А пока я вас оставлю: меня, уж извините, ждут дела. Конечно же, связанные с насекомыми: вон там, за оранжевыми столбиками ограждения Поляны, на мерцающе-белом гречишном поле — это уже 1990-й год — установлен ряд разноцветных то ли палаток, то ли избушек — жилища наших мегахил, или, как мы их нарекли, мегахильники.
Мегахильник моей конструкции на полях совхоза «Украинский» Омской области в 1989 году.
Однако почему этот вид мегахил — люцерновые пчелы-листорезы — оказались не на люцерновом, а на гречишном поле? О, в этом-то как раз одна из главных «изюминок» моей биотехнологии, в корне отличающейся от принятой в мировой практике.

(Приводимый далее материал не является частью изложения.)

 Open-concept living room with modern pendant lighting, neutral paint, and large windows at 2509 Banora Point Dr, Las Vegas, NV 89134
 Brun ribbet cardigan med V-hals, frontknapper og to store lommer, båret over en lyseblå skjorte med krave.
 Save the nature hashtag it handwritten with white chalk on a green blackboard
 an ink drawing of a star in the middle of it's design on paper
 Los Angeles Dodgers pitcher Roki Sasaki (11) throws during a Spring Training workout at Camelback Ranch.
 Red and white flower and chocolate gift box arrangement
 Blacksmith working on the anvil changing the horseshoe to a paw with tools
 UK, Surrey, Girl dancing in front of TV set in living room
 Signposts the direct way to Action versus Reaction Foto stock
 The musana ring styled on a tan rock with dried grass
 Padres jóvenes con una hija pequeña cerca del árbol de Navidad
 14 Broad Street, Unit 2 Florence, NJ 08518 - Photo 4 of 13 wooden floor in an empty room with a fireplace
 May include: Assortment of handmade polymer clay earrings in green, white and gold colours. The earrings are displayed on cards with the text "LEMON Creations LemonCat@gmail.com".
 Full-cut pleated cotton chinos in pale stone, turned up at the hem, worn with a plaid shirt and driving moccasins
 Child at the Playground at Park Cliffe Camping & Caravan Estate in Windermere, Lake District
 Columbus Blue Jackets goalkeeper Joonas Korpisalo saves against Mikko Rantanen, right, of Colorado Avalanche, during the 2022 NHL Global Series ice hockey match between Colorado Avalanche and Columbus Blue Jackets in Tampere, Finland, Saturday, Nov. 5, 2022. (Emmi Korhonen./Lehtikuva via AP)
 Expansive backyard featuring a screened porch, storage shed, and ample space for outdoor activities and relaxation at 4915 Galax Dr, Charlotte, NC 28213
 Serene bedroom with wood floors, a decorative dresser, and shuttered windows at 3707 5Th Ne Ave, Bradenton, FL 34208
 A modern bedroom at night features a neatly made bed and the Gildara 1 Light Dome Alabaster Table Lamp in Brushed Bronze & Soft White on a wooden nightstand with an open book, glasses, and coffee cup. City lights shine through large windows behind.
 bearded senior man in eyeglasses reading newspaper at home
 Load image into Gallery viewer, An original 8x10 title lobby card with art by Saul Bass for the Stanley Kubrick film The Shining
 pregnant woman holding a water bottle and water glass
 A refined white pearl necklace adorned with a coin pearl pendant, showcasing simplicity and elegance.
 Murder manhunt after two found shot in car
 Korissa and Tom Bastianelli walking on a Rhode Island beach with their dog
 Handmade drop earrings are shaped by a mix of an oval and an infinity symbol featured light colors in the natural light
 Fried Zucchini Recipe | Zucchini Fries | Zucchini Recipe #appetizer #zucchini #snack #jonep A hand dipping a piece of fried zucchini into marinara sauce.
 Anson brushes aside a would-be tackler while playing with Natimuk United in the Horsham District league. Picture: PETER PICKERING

Пчел-листорезов этого вида — Мегахиле ротундата (мегахила округлая) — начали разводить совсем недавно, не более полувека. Ротундата — один из видов обширного рода мегахил, представители которого, как уже знает читатель, делают ячейки из кусочков листьев, затаскиваемых в готовый пустой тоннель. Мегахила округлая встречается в диком виде в Европе и Азии (в том числе и в Сибири), но бок о бок эти пчелы селиться не любят.
В тридцатые годы с какими-то материалами ячейки этих мегахил случайно завезли в Америку, где листорезы стали усиленно размножаться, заселяя подряд все мало-мальски подходящее для гнездовий — дырки от гвоздей, камышинки, щели. И, что самое замечательное, их потомки стали не только терпимыми друг к другу, а наоборот, предпочитали селиться рядышком — то есть обрели инстинкт колониальности, ранее им совершенно несвойственный.